### What you need to do
Since the data must remain as supplied, reproduce it word for word.
═════ Records supplied ═════
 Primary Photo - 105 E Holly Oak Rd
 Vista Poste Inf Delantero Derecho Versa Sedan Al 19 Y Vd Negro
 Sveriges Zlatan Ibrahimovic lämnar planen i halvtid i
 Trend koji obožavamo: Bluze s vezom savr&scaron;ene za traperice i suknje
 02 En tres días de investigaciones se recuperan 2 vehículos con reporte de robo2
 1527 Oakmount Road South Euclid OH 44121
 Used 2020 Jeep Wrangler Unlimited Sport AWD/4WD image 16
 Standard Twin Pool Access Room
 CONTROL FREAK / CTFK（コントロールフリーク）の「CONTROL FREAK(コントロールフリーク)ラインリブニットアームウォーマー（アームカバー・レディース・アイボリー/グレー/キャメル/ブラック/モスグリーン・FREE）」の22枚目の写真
═════
### Result of this exercise
 Primary Photo - 105 E Holly Oak Rd
 Vista Poste Inf Delantero Derecho Versa Sedan Al 19 Y Vd Negro
 Sveriges Zlatan Ibrahimovic lämnar planen i halvtid i
 Trend koji obožavamo: Bluze s vezom savr&scaron;ene za traperice i suknje
 02 En tres días de investigaciones se recuperan 2 vehículos con reporte de robo2
 1527 Oakmount Road South Euclid OH 44121
 Used 2020 Jeep Wrangler Unlimited Sport AWD/4WD image 16
 Standard Twin Pool Access Room
 CONTROL FREAK / CTFK（コントロールフリーク）の「CONTROL FREAK(コントロールフリーク)ラインリブニットアームウォーマー（アームカバー・レディース・アイボリー/グレー/キャメル/ブラック/モスグリーン・FREE）」の22枚目の写真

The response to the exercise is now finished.